Available data:
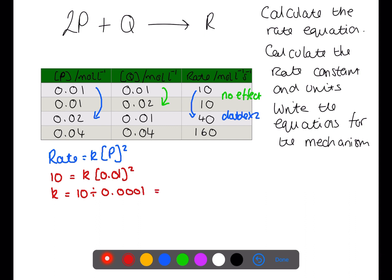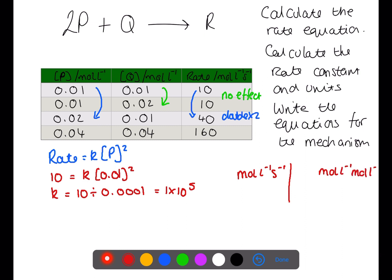We can then use the rate equation itself to work out what the units of K should be. The units of rate are moles per litre per second. The units for P are moles per litre, however we have this squared. We then need to have all of the units that are involved cancel out. We can cancel off one of the moles per litre on the left hand side with one of the ones on the right. The per second will transfer over to the K side as it is, and we then have to invert the units that are left to be per mole litre. This gives units of K of per second per mole litre.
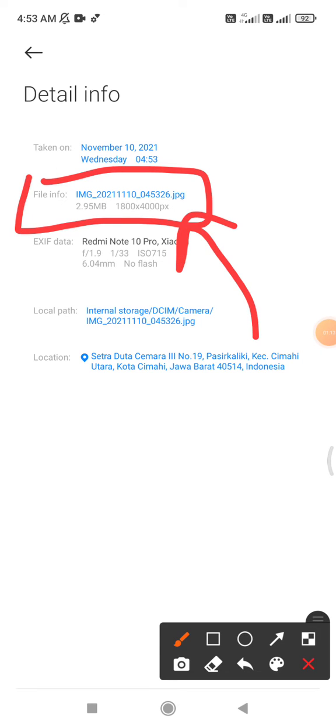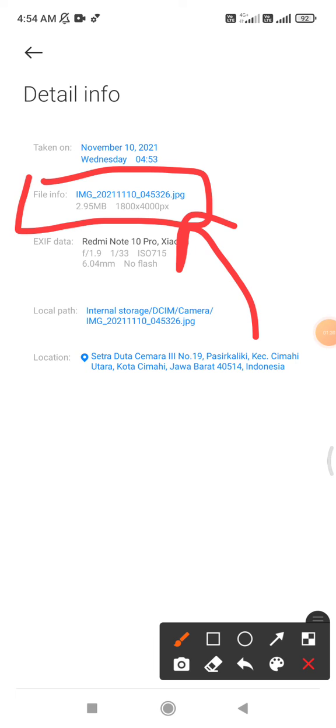So mine is 1800 by 4000. I don't know how many phones that are not HD or not UHD, but it's okay. You can check the phone resolution by using this method.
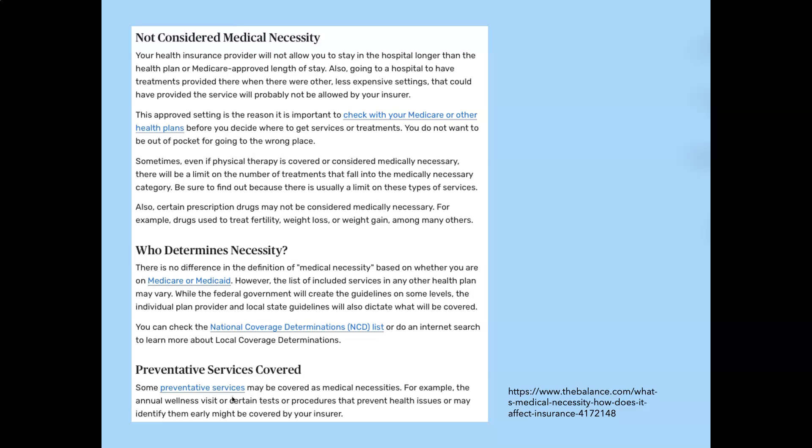Who determines medical necessity? There are a couple of different ways. We'll be talking about NCDs and LCDs — those coverage determinations that have information — but most payers are the ones who determine what is medically necessary. So you have to figure out what insurance the patient has and what does their particular insurance consider medically necessary. Some preventative services may be covered as medical necessities, like an annual wellness visit or certain tests or procedures that prevent health issues, like a screening colonoscopy or a screening mammogram.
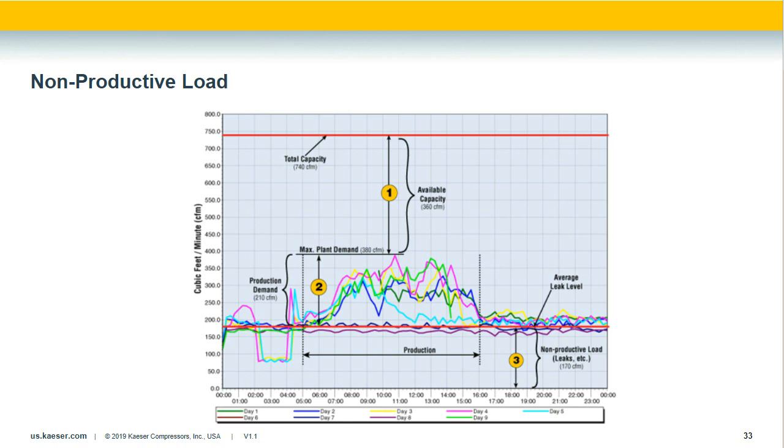Key conclusions from this audit: one, the existing compressor was severely oversized, with peak flow at only 50% of capacity. Two, of the 380 CFM peak flow, over half was wasted nonproductive load. Three, reducing nonproductive load and correctly sizing a replacement compressor has the potential to greatly reduce energy costs and provide significant gains in reliability and compressor longevity. Using air audits regularly helps ensure your compressed air system is always running at its best, and data monitoring from a master controller can provide a powerful ongoing tool.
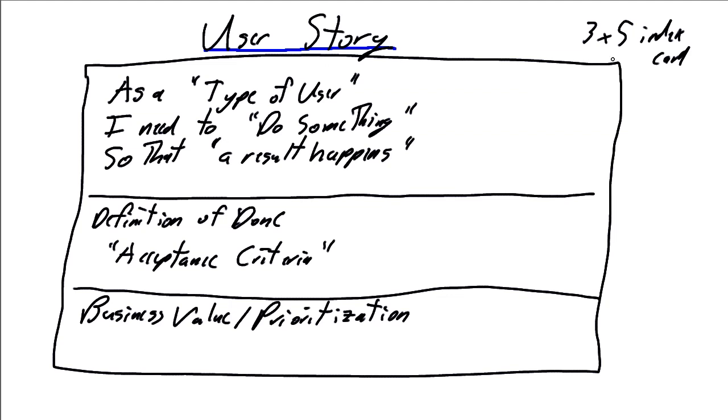User stories are typically written on a 3.5x5 index card, and that's assuming we're using a manual method. There are automated tools that we can use for generating user stories as well.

Exercise requirements: Give back each entry exactly as it appears, with no pictures.

Solution to this problem:
We can then use the rate equation itself to work out what the units of K should be. The units of rate are moles per litre per second. The units for P are moles per litre, however we have this squared. We then need to have all of the units that are involved cancel out. We can cancel off one of the moles per litre on the left hand side with one of the ones on the right. The per second will transfer over to the K side as it is, and we then have to invert the units that are left to be per mole litre. This gives units of K of per second per mole litre.
So mine is 1800 by 4000. I don't know how many phones that are not HD or not UHD, but it's okay. You can check the phone resolution by using this method.
Who determines medical necessity? There are a couple of different ways. We'll be talking about NCDs and LCDs — those coverage determinations that have information — but most payers are the ones who determine what is medically necessary. So you have to figure out what insurance the patient has and what does their particular insurance consider medically necessary. Some preventative services may be covered as medical necessities, like an annual wellness visit or certain tests or procedures that prevent health issues, like a screening colonoscopy or a screening mammogram.
Key conclusions from this audit: one, the existing compressor was severely oversized, with peak flow at only 50% of capacity. Two, of the 380 CFM peak flow, over half was wasted nonproductive load. Three, reducing nonproductive load and correctly sizing a replacement compressor has the potential to greatly reduce energy costs and provide significant gains in reliability and compressor longevity. Using air audits regularly helps ensure your compressed air system is always running at its best, and data monitoring from a master controller can provide a powerful ongoing tool.
User stories are typically written on a 3.5x5 index card, and that's assuming we're using a manual method. There are automated tools that we can use for generating user stories as well.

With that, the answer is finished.